Overall, there are lots of lessons for lawyers to take from this survey – particularly around the importance businesses place on a lawyers’ early involvement. For general counsel, we have seen much more of a drive in recent years for these individuals to have more of a wide-ranging and strategic role, and with changes such as the increased global focus on ESG for businesses, a lawyers’ role has moved beyond drafting a solid contract or interpreting the technicalities of legislation. It’s more strategic and commercial.

Another significant takeaway is that 85 per cent of business leaders support use of AI and technology in conduct of proceedings to resolve disputes.

The survey also exposes how different cultures approach business relationships and how key it is for lawyers to really understand these nuances. Small behaviours across jurisdictions are indicators of bigger cultural priorities, these may range from copying a reporting manager on an email or expecting an agenda before meetings.
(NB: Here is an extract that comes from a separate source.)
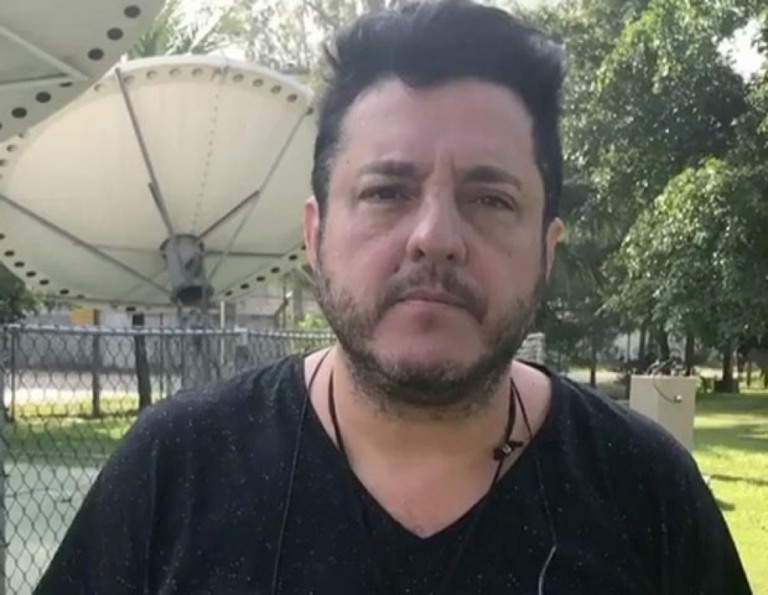Avião com sertanejo Bruno faz pouso de emergência em Sorocaba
Thanks to modern technology, the world has shrunk over the last decade or so, but it is a mistake to work from a far-reaching, global strategy. Everyone approaches business relationships with different mindsets and many companies will be looking for lawyers who understand this, and have invested in their soft skills such as emotional intelligence, to ensure the very best outcomes.

Shania Elias is the Deputy Director, Arbitration and ADR, ICC India.